Ah, well the big idea is more or less what was described in Chapter 2. Once you have a computational representation of a game tree and for strategies for playing the game, the procedure for finding maximally exploitative strategies is the mechanical one described in the book. Once you can find max expl strats, the fictitious play equilibrium-finding algorithm is trivial. There are more sophisticated (and faster) equilibrium-finding algorithms, but FP is simple and intuitive and thus a good place to start.

As far as programming language, it's largely a personal preference. I think iPython ("interactive" python) would be a great choice for that sort of video series, since it is a very powerful language -- you can express some pretty complex ideas with relatively little code. Also, if you're clever, it's very easy to use it to visualize things like ranges, game trees, etc., which is helpful. The downside is that it's not very fast. I'd recommend iPython as a good place to start, though, if you're interested in getting into poker programming.

Unfortunately, the Indifference Principle actually doesn't help us out too much in solving the shove/fold game for reasons described in this thread:

http://forumserver.twoplustwo.com/15...-game-1305801/

However, if you're thinking about it correctly, it might be unhelpful, but it shouldn't give you anything blatantly wrong like 11.5=13, so let's go through your analysis...

Tree looks right.

Indifferences are statements about equality of EVs. If SB's indifferent between jamming and folding a hand in a particular spot, it means his EV(jamming) equals his EV(folding) with that hand.

In particular, indifference relationships are things that apply to specific holdings. For example, at equilibrium in the 12BB shove/fold game, the SB's 53s is (at least nearly) indifferent between shoving and folding. 53s is more-or-less his weakest shoving hand, and it doesn't make much of a difference to him whether he jams or folds it. With AA, however, he's certainly not indifferent -- jamming is way better than folding.

So, I agree with this equation if EQ(SB) refers specifically to the equity of the SB's weakest shoving hand/strongest folding hand when facing the BB's calling range. (That SB hand is 53s, although we don't know that if we're doing this calculation from scratch.)

Again, I agree with this if EQ(BB) is the equity of the BB's weakest calling hand/strongest folding hand when facing SB's jamming range.

Well, this doesn't make sense. 1-EQ(BB) is the average equity of SB's whole jamming range versus the BB's weakest calling hand. This is not equal to the EQ(SB) we defined earlier, the equity of a particular SB hand.

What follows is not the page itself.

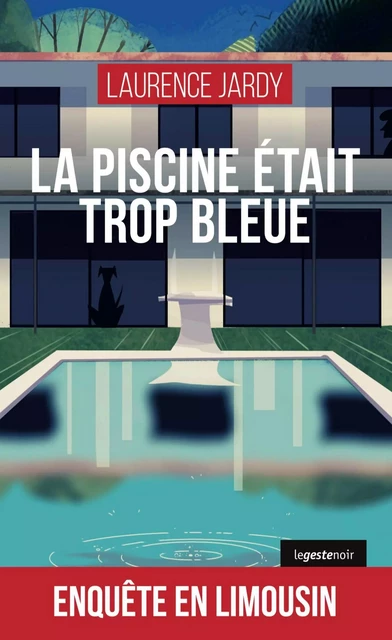 La piscine était trop bleue - Laurence Jardy - La Geste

Hopefully that shows the error in the calcs, and again, see the thread I linked to earlier for more discussion of solving preflop only games in particular. We'll find a lot of spots where the Indifference Principle is very helpful in finding solutions, but it doesn't always give us all the info we need.

Many Thanks, Will.
I appreciate your taking the time to sort that one out for me.

Yeah, I was definitely thinking, ok, so when they get all in, their equities sum to 1, but I was missing the subtlety of just what equities we're talking about.

And I certainly take your point about the indifference principle not being the way to solve the shove/fold game. Just thought it would be fun/instructive to try it out.

Thanks for the link, too - that was my next 'project', to take a look at the 3-bet/4-bet game.

Good Luck with the second volume (from a guy who's probably going to need another couple of years to really finish the first one. )

What do you mean by "that only includes the case for Example 3 when..."?


I see the first two hand ranges are SB bet 0.5,
BB bet 1,
and they both include all hands. What's up with that?

Then the 3rd one is "SB fold". What exactly is the action there? I cannot see what's he folding to.


This has 100 ranges plotted out; are there any approximations/descriptions of the ranges?
Like, he's leading this hand or better, leading those as a bluff, blockbetting with that, xF that..
Aside from the ones in the book. Those I found hard to follow.

You asked for solutions both when we allow BB to blockbet river and when we don't. The solutions given are only for the case when he can.

This is posting blinds.

The ranges in the figure correspond to the the actions in the tree.txt file. That 3rd line is immediately after posting blinds and is the SB's option to open-fold preflop. The next one might say something like "SB bet 1.5" corresponding to an open minraise. Of course, the early street play here is kind of faked to just get to the river with the right ranges and stack/pot sizes.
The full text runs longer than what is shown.